Demand Forecasting is one of the three components of an organization’s demand planning, being the other two planning and management. Forecasting concerns the expect demand given a plan of action.
Which means, making a prediction on the size of demand expected given a marketing and business plan.
Forecasting is composed by three levels:
- Strategic Forecasts: capacity planning, investment strategies.
- Tactical Forecasts: sales plans, short-term budgets, inventory planning.
- Operation Forecasts: production, transportation, and inventory replenishment.
Each of these levels have a particular timing. The strategic is developed trough years, tactical takes weeks or months and operation only takes hours or days.
Demand Forecasting Methods
We can divide forecasting methods into subjective, usually used by marketing and sales, and objective, used by production and inventory planners. On subjective there are judgmental and experimental, and objective causal and time series.
Judgmental refers to sales force surveys, or opinions by experts that deal with those scenarios. The basic premise here is that someone knows the truth. Experimental refers to sampling local and extrapolating. For example, focus groups or marketing tests.
On the objective side, casual means that there is a underlying relationship ou reason that can be perceived. Time series, on the other hand, relates to historical patterns in demand.
All these methods have their uses and functions. You need to evaluate each scenario to identify which one is the best for your purpose. But regardless of the chosen method, you need to secure the quality of your forecast.
To make sure your forecast is optimized, there are two key concepts to pay attention. Bias, which means a tendency to over or under predict and accuracy, or the closeness to the real value of observations.
A good habit is combining more than one method, because none of them can capture both dimensions. So, if you can utilize more than one, you will be more secure that your data is not biased and have a good accuracy.
Key aspects of Demand Forecasting
Whenever you need to use forecasting models, you must keep in mind that forecasts will never be perfect. Which means that you shouldn’t rely only on points of forecasts.
You can incorporate ranges and track past errors so you can perceive drifts and changes in your demand. With past errors you have a better perception on how close your forecast can be.
Another thing you must consider is the time horizon of your prediction. Shorter forecasts are more accurate than longer. That happens because it’s easier to predict events that happen closer to us.
A good idea is trying to postpone the forecast to a closer date. That results in better understanding and more accurate data.

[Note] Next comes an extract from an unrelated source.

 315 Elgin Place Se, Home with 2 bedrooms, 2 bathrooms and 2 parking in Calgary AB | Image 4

Demand Forecasting techniques
There are a lot of techniques to make demand forecast, we will talk about the most used ones.
Time Series Analysis
It’s a very popular technique, especially for mid-range forecasts. As it makes predictions based on historical demand, it needs a lot of data and records. We can cite three major models:
- Cumulative: Every data is included. The result is calm, and changes are slow. But is a very stable model.
- Naïve: Only the latest data matter. The result is a nervous and volatile forecast. This makes the model very responsive.

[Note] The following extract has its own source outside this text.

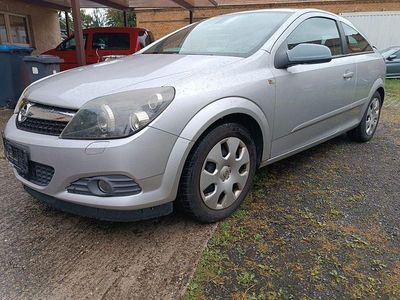 Gebraucht Opel Astra GTC Innovation 116 PS (85 kW) 2008 Silber Limousine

- Moving Average: The data included is selected. This is a middle ground between the two other models.
This model will treat data differently depending on its age. The basic idea of the model is that data lose value over time, then you need to weight more newer observations than old ones.
To determine the value of data, the model uses the alpha factor. It will set a weight from newest information to oldest. Then, the alpha indicates:
- If alpha is bigger than one, the forecast is nervous and volatiles.

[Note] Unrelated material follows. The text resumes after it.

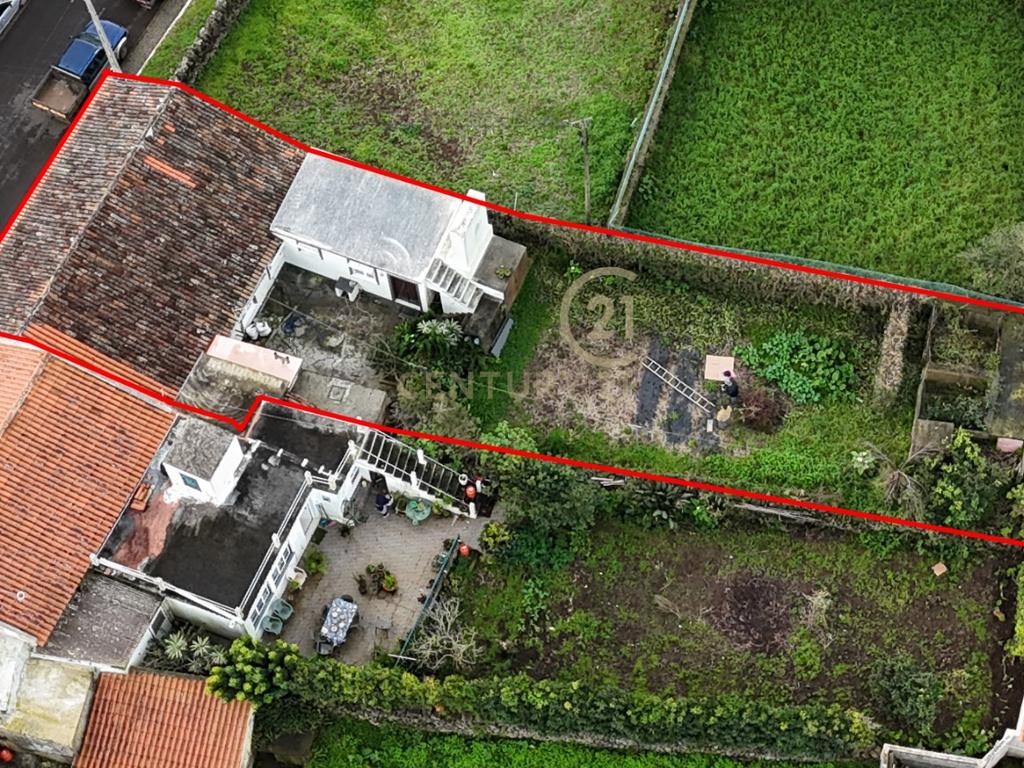 Casa T2 Típica e Acolhedora em São Sebastião, ideal para quem procura tranquilidade. - Image 8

- If alpha is bigger than zero, the forecast is calm and stable.
There are a lot of products and forecasting techniques and they differ from one to another. You need to evaluate your demand to find the best suited one, keeping in mind that a good forecast should not be biased and have a good accuracy.
As we said, to do this the best way is to combine more than one model. Most models need history to rely on. If your demand doesn’t have historical data, you can search for similar products and try to establish a strategy based on that.
So, in sum, demand forecasting is part of demand planning and management process. Range forecasts are more precise than point ones, aggregated have more accuracy and less biased and finally, short time horizons are better than long ones.